Data under study
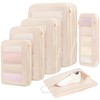BAGAIL 4 Set/6 Set/8 Set Compression Packing Cubes Travel Accessories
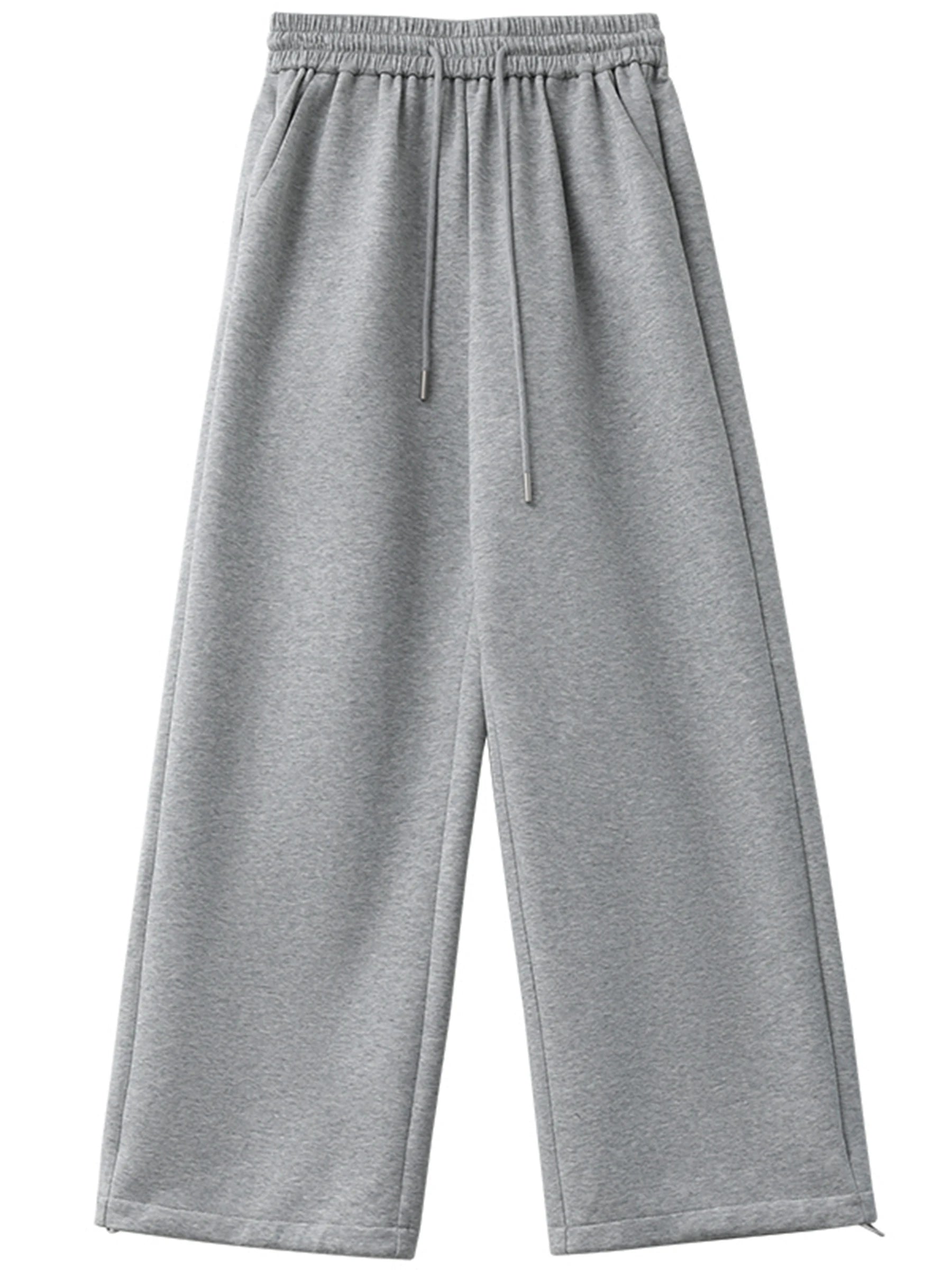 High-Waisted Wide Leg Pants Casual Loose Trousers Loran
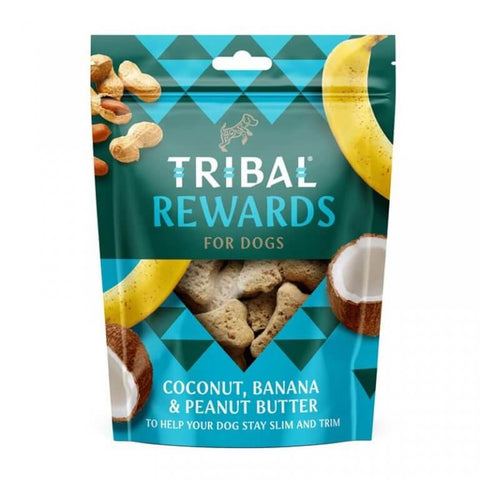 Tribal Rewards for Dogs Coconut, Banana & Peanut Butter 125g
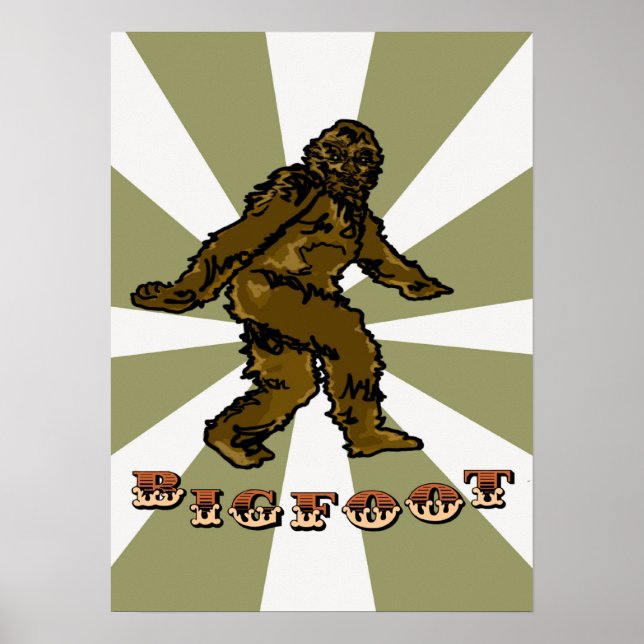 Bigfoot poster (Framsidan)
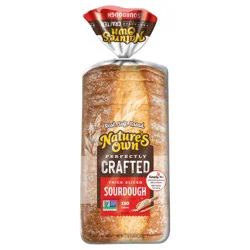 Nature''s Own Perfectly Crafted Sourdough Bread, Thick Sliced Non-GMO Sourdough Bread, 22 oz Loaf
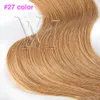 1226 tum Clip Ins europeiska brasilianska mänskliga hår Silk raka förlängningar obearbetade 180 g naturliga svarta Goldenins Human Hair Ext1293733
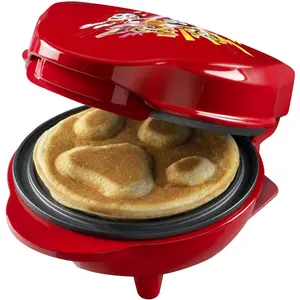 Bestron Mini-Waffeleisen Paw Patrol, Waffeleisen, Rot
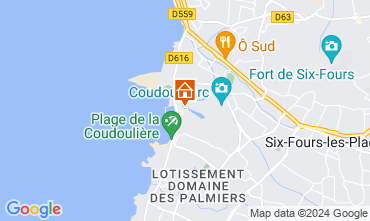 Carte Six Fours Les Plages Appartement 78756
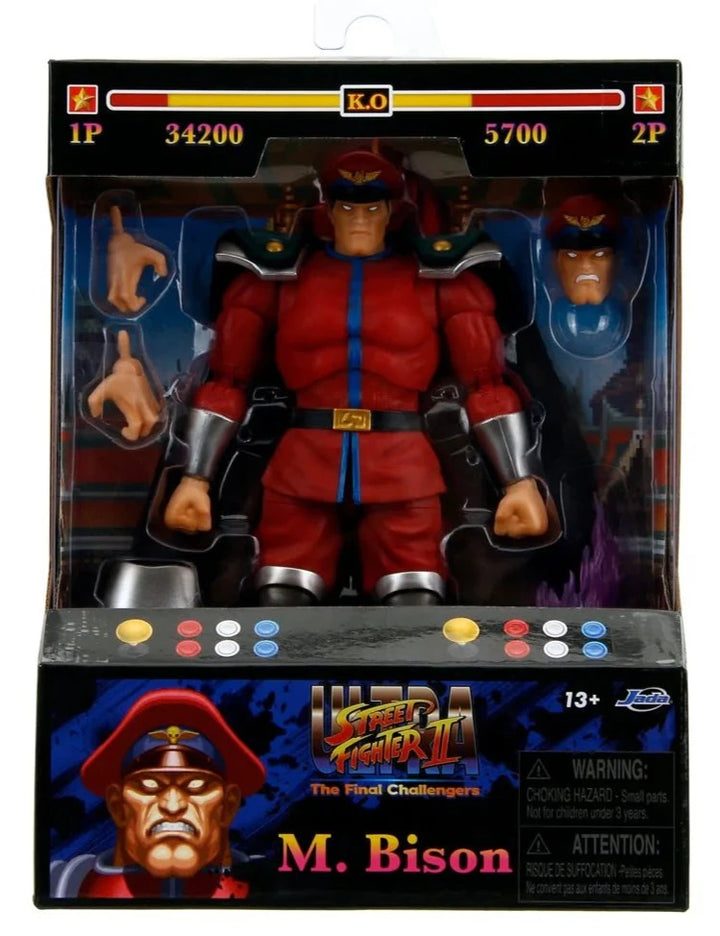Ultra Street Fighter II The Final Challengers M. Bison 6" Action Figure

Work item
Your reply should consist solely of the lines above from the line containing "Tribal Rewards for" up to and including the line containing "Bestron Mini-Waffeleisen Paw", reproduced exactly, minus the pictures.

Response to this task
 Tribal Rewards for Dogs Coconut, Banana & Peanut Butter 125g
 Bigfoot poster (Framsidan)
 Nature''s Own Perfectly Crafted Sourdough Bread, Thick Sliced Non-GMO Sourdough Bread, 22 oz Loaf
 1226 tum Clip Ins europeiska brasilianska mänskliga hår Silk raka förlängningar obearbetade 180 g naturliga svarta Goldenins Human Hair Ext1293733
 Bestron Mini-Waffeleisen Paw Patrol, Waffeleisen, Rot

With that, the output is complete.